You would think someone would have produced an adapter for these lights to dim and/or provide a different color for the aquarium light... different shades of blue, gold, etc. that would soften the light and make the aquarium look more attractive...

Hmmm? Should I rush to the patent office?


----------



## stoopkid

I'm worried more about the light fixture itself than the film. Just make sure you keep an eye on it. Have you tried looking for different bulbs?


----------



## rf53

stoopkid said:


> I'm worried more about the light fixture itself than the film. Just make sure you keep an eye on it. Have you tried looking for different bulbs?

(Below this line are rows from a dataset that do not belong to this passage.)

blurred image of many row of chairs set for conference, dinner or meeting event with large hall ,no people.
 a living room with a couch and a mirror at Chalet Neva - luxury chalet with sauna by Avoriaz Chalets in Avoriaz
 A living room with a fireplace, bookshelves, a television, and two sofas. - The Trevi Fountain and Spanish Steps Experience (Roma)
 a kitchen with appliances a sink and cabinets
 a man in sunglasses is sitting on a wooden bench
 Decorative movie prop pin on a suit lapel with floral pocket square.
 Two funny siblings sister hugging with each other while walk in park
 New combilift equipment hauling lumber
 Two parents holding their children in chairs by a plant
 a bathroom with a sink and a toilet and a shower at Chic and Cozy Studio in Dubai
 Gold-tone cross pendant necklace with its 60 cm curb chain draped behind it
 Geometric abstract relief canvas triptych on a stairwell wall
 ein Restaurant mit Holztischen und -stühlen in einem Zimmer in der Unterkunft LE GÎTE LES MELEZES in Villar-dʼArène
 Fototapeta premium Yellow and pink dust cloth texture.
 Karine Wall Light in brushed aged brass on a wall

I'm not sure you need to be worried about that. Aqueon makes this glass cover and light strip combination which is intended to be used together. The glass top covers the aquarium. The light strip, which houses a fluorescent bulb, fits on top of the back end of glass cover. How would adding tint film to the glass affect the fixture?


----------



## stoopkid

Window tint doesn't make light vanish, it converts it into heat (conservation of energy). If the light fixture is resting right on top of the tinted glass, or even somewhere near it, that extra heat is going to have some kind of effect on it. I don't know if it would be a significant effect,which is why I simply suggest you monitor it at first.


----------



## DigitalBuddha

Tint sheets cost 10 dollars if I am remembering right. And some also require dish soap to apply ( I know this because I once bought it at walmart for my ****ty car and never ended up using it because of the ridiculous directions haha) I wouldn't put dish soap any where near my tank. For 10-20 dollars you can probably get a nice light at your local fish store that would suit your needs. Good luck!


----------



## rf53

DigitalBuddha said:


> Tint sheets cost 10 dollars if I am remembering right. And some also require dish soap to apply ( I know this because I once bought it at walmart for my ****ty car and never ended up using it because of the ridiculous directions haha) I wouldn't put dish soap any where near my tank. For 10-20 dollars you can probably get a nice light at your local fish store that would suit your needs. Good luck!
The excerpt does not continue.